If you read last weeks blog, I am sure you are waiting on baited breath to hear how this weeks meeting with the iPad teachers went. As far as meetings go it wasn’t too shabby and as it turns out, the past three weeks with the iPad kids went quite well too. As expected, everyone had both positive things to say and some frustrations to report. Unfortunately this blog post will focus on one universal frustration which has dogged all of use these past three weeks.
Virtually every teacher at our meeting had the same niggling question. What is the best way to collect work from the kids? We have all struggled with trying to find an effective way for kids to submit completed assignments. As I had said last week, we have all resorted to having the kids email their work to us but the consensus is that another way has to be found.
The whole thing serves to illustrate just how important paper has been in sharing information over the centuries . Paper is a simple and effective way to transfer knowledge and demonstrate understanding. Paper has been the common currency of education and part of the the daily transactions between student and teacher for generations. It would seem however, that this important part of the educational process was not identified by the good people at Apple. It is my opinion that this is something that the iPad MUST be able to do before it could be considered an educational tool.
Now don’t get me wrong, it is undeniable that the iPad is a powerful learning tool and we are finding new and exciting ways to use it on a daily basis BUT the inability to easily complete the most basic of transactions between student and teacher, suggests that the ipad wasn’t really designed as an educational tool.
What we have discovered is that the iPad is fantastic for dispensing information to the user whether it be text, video or audio.
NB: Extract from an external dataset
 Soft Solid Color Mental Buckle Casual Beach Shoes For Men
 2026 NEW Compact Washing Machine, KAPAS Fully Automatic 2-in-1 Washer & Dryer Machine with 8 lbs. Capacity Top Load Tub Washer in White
Students can even produce some cool stuff to prove that they have acquired the concepts we are trying to impart but it is that missing link between student and teacher. The centuries old exchange which makes up the economy of education has somehow been overlooked or perhaps purposely left out by Apple.
By meetings end, we had decided to approach Apple directly to see if they had an “educational expert” on staff who could address our frustrations and perhaps suggest some solutions. As of Friday at 3 PM we have not heard back but we are hopeful.
So, as of weeks end, I remain thankful that I have been given the opportunity to break new ground in the rapidly changing landscape of education. With any luck, if I continue to bellyache on a weekly basis, I may even influence the way we teach children in the years to come.